The second query I raised was as follows: there was only one piece from each composer in each sample, and the Vivaldi was entirely strings, the Mozart was entirely piano, and the Bach was a mixture of instruments. How do they know that the algorithm didn't just learn to classify instruments?

This is similar to the famous example from the early days of neural networks, when perceptrons were being trained to distinguish photographs that contained images of tanks and those that did not. After some very good results at the start of the project, a second batch of images utterly failed. The reason for that failure was traced to the fact that the photographs with tanks had been developed using a slightly different process to that used to develop the photographs without tanks. That resulted in a slight difference in the overall brightness of the photographs. The neural network had simply learned to distinguish between lighter and darker photographs.
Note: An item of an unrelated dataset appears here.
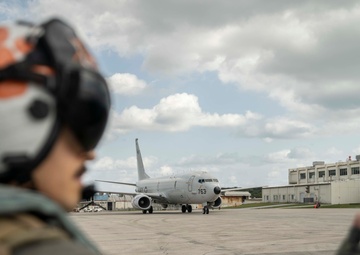 11th MEU refuels P-8A Poseidon during Noble Fusion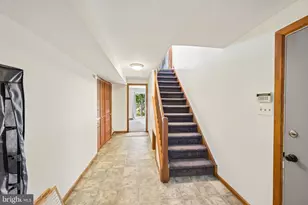 8816 Ridge Ave, Philadelphia, PA 19128 - Photo 33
Now, the people who were looking for tanks did one thing right: they tested their algorithm with more data. The post-graduate student at the start of this story didn't do that. They just looked at the results they got, which fit their expectations, and stopped there. That meant that the conclusions they were drawing were not supported by the evidence.

The American physicist Richard Feynman famously spoke of "Cargo Cult Science". This is research that has the superficial form of science, but does not follow the rigor expected of the scientific method.

The scientific method is a process that has developed over many centuries, and requires a certain rigor and self-criticism that is intended to prevent erroneous conclusions being made. It requires scientists to be completely honest with themselves, to consider every objection to their research method and possible factors that could be influencing their results. The scientific method is supposed to prevent researchers from just seeing what they want to see and instead see the reality. The post-graduate student did not do this, and so their conclusions are not necessarily valid.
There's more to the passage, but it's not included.